Without complex decision trees helping computers determine what pieces of text relate to what, it's nearly impossible to make use of the wealth of data available on the web.

In the case where you're only interested in people reading your pages, that's fine. But what if you want other sites to access and use the data you're offering with a full understanding of the context? We're one step closer to a standard that defines exactly how to make this clear.

For months now we've been talking about RDFa and how this proposed standard leads toward the semantic web. Recently, this vision took a step further toward reality.

HTML + RDFa Working Draft Released

The first working draft of HTML + RDFa has now been released, further defining how Resource Description Framework (RDF) data will be embedded in (X)HTML.

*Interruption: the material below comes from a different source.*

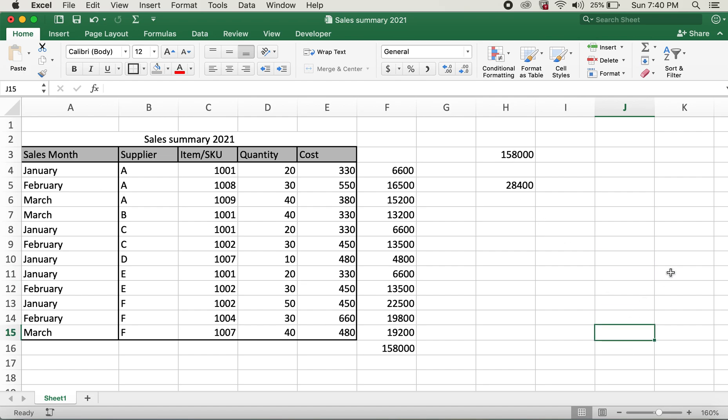So this is how you can use the SUMPRODUCT function with AND and OR conditions. Hope this video helps you all. If it does, please give it a thumbs up and please consider subscribing to my channel. Thank you all so very much — y'all have a good day, bye bye!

Using RDFa, authors can embed data meant for machine consumption (say, meta-data regarding the sources for an article) while simultaneously making that data viewable for human consumption.

An entire section of this document relates to changes that would have to be made for the HTML 5 specification in order to fully support RDFa. The two changes discussed involve ensuring that all RDFa attributes and values are conforming to HTML 5 and XHTML 5, and that attributes involving CURIE prefix mappings (an abbreviated syntax for expressing URIs) conform to HTML 5, though they already conform to XHTML 5.

Why the Excitement?

Obviously a computer can scrape the same information from the page without needing anything fancy like RDFa, but the program does so without any understanding of context. At times you may not care. Maybe you're just writing a blog post and wanted to share something interesting with friends.

Yet, even a quick blog post has RDFa applications. Let's look at an example that takes us back to the idea of citing a source for an article. You could just include a link, like so:

 <a href="http://www.w3.org/TR/2009/WD-rdfa-in-html-20091015/">HTML+RDFa</a>

Or, you could make it clear that you are actually citing this link as the article's source to programs that look for RDFa metadata. You do this by adding a rel statement in your link HTML like so:

 <a rel="cite" href="http://www.w3.org/TR/2009/WD-rdfa-in-html-20091015/">
HTML+RDFa</a>

Now, search engines and other programs that have code to process RDFa might list you automatically has having written a post that cites this particular work.

Of course, this example barely touches on the real power of RDFa and the semantic web. The team working on Drupal 7 is already looking at the future and putting their imaginations to work on how to make use of such technologies. So should you.